Please make sure your datasource has two metrics below:
‘container_cpu_usage_seconds_total’ and ‘container_memory_working_set_bytes’
We use Victoria Metrics as an Example.
- Add helm repo
helm repo add vm https://victoriametrics.github.io/helm-charts/
helm repo update
- Install vmsingle
helm show values vm/victoria-logs-single > values-vmsingle.yaml
# you should modify PV configurations: persistentVolume
# test and install
helm install vmsingle vm/victoria-metrics-single -f values-vmsingle.yaml -n monitoring --debug --dry-run
helm install vmsingle vm/victoria-metrics-single -f values-vmsingle.yaml -n monitoring
- Install vmagent
helm show values vm/victoria-metrics-agent > values-vmagent.yaml
# you should modify write url configurations: remoteWriteUrls
# such as http://vmsingle-victoria-metrics-single-server:8428/api/v1/write
# if in others namespace, use urls like this pattern: <service-name>.<namespace>.svc.cluster.local
# meanwhile, you should enable service
# test and install
helm install vmagent vm/victoria-metrics-agent -f values-vmagent.yaml -n monitoring --debug --dry-run
helm install vmagent vm/victoria-metrics-agent -f values-vmagent.yaml -n monitoring
- Install vmoperator
helm show values vm/victoria-metrics-operator > values-vmoperator.yaml
# you should not modify anything, due to this, you can also not install configuration yaml
# test and install
helm install vmoperator vm/victoria-metrics-operator -f values-vmoperator.yaml -n monitoring --debug -dry-run
helm install vmoperator vm/victoria-metrics-operator -f values-vmoperator.yaml -n monitoring
- (options) Install Grafana
helm show values grafana/grafana > values-grafana.yaml
# modify PV configuration: persistentVolume and persistence
# test and install
helm install grafana grafana/grafana -f values-grafana.yaml -n monitoring --debug -dry-run
helm install grafana grafana/grafana -f values-grafana.yaml -n monitoring
Victoria metrics is compatible with prometheus.

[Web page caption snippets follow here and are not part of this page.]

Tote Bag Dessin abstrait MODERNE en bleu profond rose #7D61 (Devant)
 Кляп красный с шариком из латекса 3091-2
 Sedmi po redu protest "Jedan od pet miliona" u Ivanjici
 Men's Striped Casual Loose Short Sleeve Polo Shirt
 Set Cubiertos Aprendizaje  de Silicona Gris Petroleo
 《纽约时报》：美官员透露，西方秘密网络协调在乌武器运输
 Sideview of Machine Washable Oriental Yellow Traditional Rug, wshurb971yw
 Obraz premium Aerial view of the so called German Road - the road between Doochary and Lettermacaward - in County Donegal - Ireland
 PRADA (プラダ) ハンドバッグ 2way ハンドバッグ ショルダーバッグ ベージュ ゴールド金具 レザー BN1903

We can add the VM address to the Prometheus data source of grafana
In cluster, you can use the DNS resolution service in the cluster
in same namespace:
http://vmsingle-victoria-metrics-single-server:8428
in different namespace(e.g. monitoring):
http://vmsingle-victoria-metrics-single-server.monitoring.svc.cluster.local:8428
- Check Installation
You can check service and pods, it should be like this:
root@debian-node-1:~/projects/local-manifest# kubectl get pods -n monitoring
NAME READY STATUS RESTARTS AGE
grafana-74fcb4b8b4-zfjtl 1/1 Running 27 (106m ago) 43d
vmagent-victoria-metrics-agent-5d84b88fd-9fnrb 1/1 Running 27 (106m ago) 43d
vmoperator-victoria-metrics-operator-6f45db777d-kmf96 1/1 Running 27 (106m ago) 43d
vmsingle-victoria-metrics-single-server-0 1/1 Running 27 (106m ago) 43d
root@debian-node-1:~/projects/local-manifest# kubectl get services -n monitoring
NAME TYPE CLUSTER-IP EXTERNAL-IP PORT(S) AGE
grafana NodePort 172.23.219.82 <none> 80:30377/TCP 43d
vmagent-victoria-metrics-agent ClusterIP 172.23.231.196 <none> 8429/TCP 43d
vmoperator-victoria-metrics-operator ClusterIP 172.23.217.1 <none> 8080/TCP,443/TCP 43d
vmsingle-victoria-metrics-single-server ClusterIP None <none> 8428/TCP 43d
Install Katalyst ResourceRecommender
helm repo add kubewharf https://kubewharf.github.io/charts
helm repo update
helm show values kubewharf/katalyst-resource-recommend > values-rrc.yaml
# you should modify datasource values
helm install resource-recommend -f values-rrc.yaml -n katalyst-system --create-namespace kubewharf/katalyst-resource-recommend
Quickly Use Resource Recommender
Use the shared_cores configuration mentioned in Getting Started as an example, and bind ResourceRecommend CR to it.
apiVersion: apps/v1
kind: Deployment
metadata:
name: shared-normal-deployment
namespace: default
spec:
replicas: 1
selector:
matchLabels:
app: shared-normal
template:
metadata:
labels:
app: shared-normal
annotations:
"katalyst.kubewharf.io/qos_level": shared_cores
spec:
containers:
- name: stress
image: joedval/stress:latest
command:
- stress
- -c
- "1"
imagePullPolicy: IfNotPresent
resources:
requests:
cpu: "2"
memory: 1Gi
limits:
cpu: "2"
memory: 1Gi
schedulerName: katalyst-scheduler
---
apiVersion: recommendation.katalyst.kubewharf.io/v1alpha1
kind: ResourceRecommend
metadata:
name: shared-normal-deployment-recommendation
namespace: default
spec:
resourcePolicy:
algorithmPolicy:
algorithm: percentile
extensions: {}
recommender: default
containerPolicies:
- containerName: "*"
controlledResourcesPolicies:
- resourceName: "cpu"
bufferPercent: 10
controlledValues: "RequestsOnly"
minAllowed: "1"
maxAllowed: "3"
- resourceName: "memory"
bufferPercent: 10
controlledValues: "RequestsOnly"
minAllowed: "500Mi"
maxAllowed: "2Gi"
targetRef:
apiVersion: "apps/v1"
kind: "Deployment"
name: "shared-normal-deployment"
We can query the current status through command below and get status(a possible scenario)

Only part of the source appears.